# Anyone else disappointed with the size of GTA 5 map?



## LegalizeNature420 (Sep 18, 2013)

I heard all this talk about how it's going to be "5x the size of GTA 4" and "3x the size of Red Dead Redemption", but I drove all the way around that thing in like 10 min! I think San Andreas was not only larger, but had better scenery. It's a big let down in that regard..


----------



## GOD HERE (Sep 18, 2013)

Don't fucking care. There's more important things in life.


----------



## LegalizeNature420 (Sep 18, 2013)

GOD HERE said:


> Don't fucking care. There's more important things in life.


Like trolling rollitup.


----------



## beuffer420 (Sep 18, 2013)

I thought it was alright myself, i flew a helicopter around the map it seemed to take a while? I've been so stoned the past couple nights I can't even get to a mission, just keep running up to people and punching the crap out of them. I like the "hood" parts of the city, when you punch someone you get the whole gang after ya it's good laughs for sure!


----------



## sunni (Sep 18, 2013)

LegalizeNature420 said:


> Like trolling rollitup.


he can have an opinion his opinion is that he doesnt care

i am not that interested in gta5, i think its all hyped up for no reason


----------



## xGrimace (Sep 18, 2013)

Is it out on pc or not?


----------



## beuffer420 (Sep 18, 2013)

sunni said:


> he can have an opinion his opinion is that he doesnt care
> 
> i am not that interested in gta5, i think its all hyped up for no reason


Its def just another gta for sure! Give me a few weeks and it'll be collecting dust on my shelf. It is fun though, but only for so long.


----------



## sunni (Sep 18, 2013)

mmhm the majority of people dont even finish those games


----------



## beuffer420 (Sep 18, 2013)

Yep still never finished one to this day! I just like punching people as I walk down the street. Or the online when it gets launched.


----------



## blacksun (Sep 18, 2013)

sunni said:


> he can have an opinion his opinion is that he doesnt care




Except that he kind of does, at least enough to post in/troll this thread.

And no pc version? 

Master race fail. :'(


----------



## GKID69 (Sep 18, 2013)

its hyped for a reason its GTAV damnit!!!


----------



## sunni (Sep 18, 2013)

GKID69 said:


> its hyped for a reason its GTAV damnit!!!
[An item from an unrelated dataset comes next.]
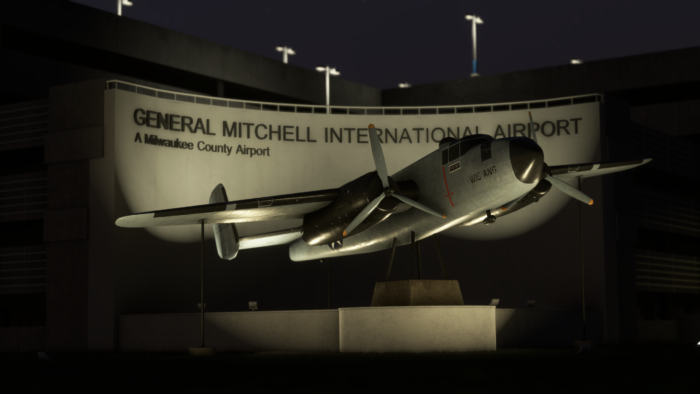 A rendition of Milwaukee International by iniBuilds for Microsoft Flight Simulator.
im not impressed with those series there are far better games lol


----------



## hempyninja309 (Sep 18, 2013)

sunni said:


> mmhm the majority of people dont even finish those games


I rarely do any missions. I either play online or run from the police.


----------



## LegalizeNature420 (Sep 19, 2013)

sunni said:


> he can have an opinion his opinion is that he doesnt care
> 
> i am not that interested in gta5, i think its all hyped up for no reason


So if someone began posting on rollitup that they "don't fucking care for cannabis", would you not consider that person a troll? Having opinions is perfectly fine, but don't enter a cannabis site and bash cannabis or the gaming section and bash gaming.


----------



## farmasensist (Sep 27, 2013)

I think the problem with the map is that half of it is just empty waste land that you can't really do anything with. There's a whole lot of desert and forest and not as much city. They didn't even have the san francisco or las Vegas cities and that was disappointing. Maybe they will expand or build on the map with some DLC


----------



## smokejoint (Sep 27, 2013)

I think it is bigger than san andreas.


----------